A proposta é uma das promessas de campanha do presidente Jair Bolsonaro, vista como uma reivindicação vinda principalmente de garimpeiros e empresas de exploração mineral, mas recebida com restrição por boa parte das comunidades indígenas. “O Ibram não está defendendo, não está propondo mineração em terra indígena. Isso é um ato que está vindo do governo federal.

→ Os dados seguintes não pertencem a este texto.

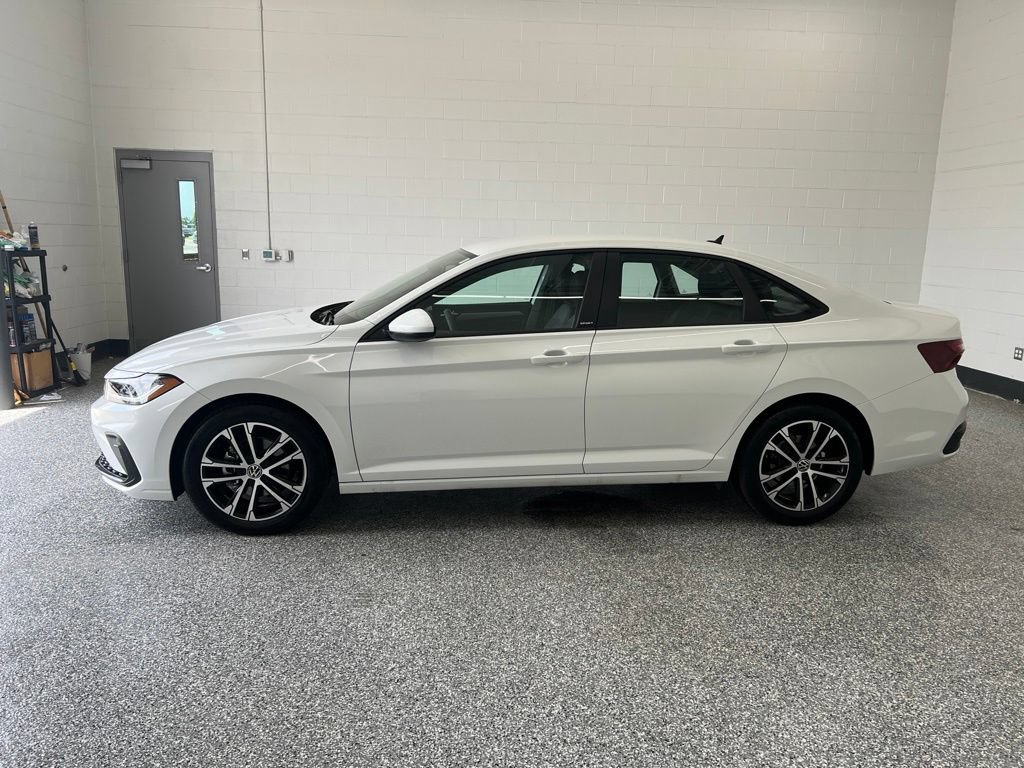 Used 2026 Volkswagen Jetta Sport FWD image 2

O órgão está observando o que está acontecendo”, disse Penido, dirigente da entidade que reúne mineradoras que respondem por mais de 85% da produção mineral nacional.

 

O executivo pontuou ainda que o PL da União busca regulamentar o que estabelece a Constituição Federal, que já prevê a mineração em terras indígenas. Ele ponderou, no entanto, que nenhuma companhia associada ao Ibram, dentre elas Vale e Anglo American, irá investir em terras indígenas sem que o tema tenha encontrado consenso entre sociedade, incluindo governo, Congresso e os próprios indígenas. “Se esse assunto não estiver apaziguado, nenhuma mineradora associada ao órgão vai entrar”, disse o executivo, ressaltando que as companhias precisam de segurança técnica e jurídica para aprovar investimentos.

 

O projeto atribui funções técnicas à Agência Nacional de Mineração (ANM) para a avaliação sobre as terras que poderão vir a ser mineradas, o que na avaliação do Ibram significa maior segurança às partes envolvidas. “Nós temos confiança na Agência Nacional de Mineração, que é capacitada para verificar a parte técnica desse assunto e ela está envolvida”, destacou Penido, ressaltando também que as terras indígenas são ainda desconhecidas do ponto de vista geológico e que as pesquisas nos locais apenas poderão ser feitas dentro da legalidade e sustentabilidade.

 

O presidente do Conselho do Ibram, Wilson Brumer, ressaltou que o tema de exploração nas terras indígenas ainda demandará muita discussão e tempo. “A iniciativa é do governo... Isso está na nossa Constituição, desde 1988, e o que o governo está tentando fazer é regulamentar. Agora, isso ainda vai passar por uma enorme discussão... tem muitas pessoas contra, a meu ver, isso ainda vai demorar anos e anos”, afirmou. Brumer afirmou ainda que o Ibram defende uma ANM forte para lidar com o desenvolvimento do segmento mineral.

 

BOAS PERSPECTIVAS
 

Durante coletiva de imprensa, os representantes do Instituto também apontaram boas perspectivas para o setor de mineração, inclusive devido a medidas recentes tomadas pelo governo federal. O Ibram elevou a previsão de investimentos no setor mineral do Brasil em cinco anos para 32,5 bilhões de dólares entre 2020 e 2024, contra 27,5 bilhões estimados para o período anterior, de 2019 a 2023.

 

“Isso demonstra forte recuperação do setor e perspectivas de aumento de investimentos”, afirmou Penido, que também destacou boas perspectivas para a exploração mineral no país. Segundo ele, a pesquisa mineral dará um salto a partir de 2020, revertendo tendência de queda observada nos anos anteriores, considerando políticas do governo federal para expandir a atividade minerária legalizada.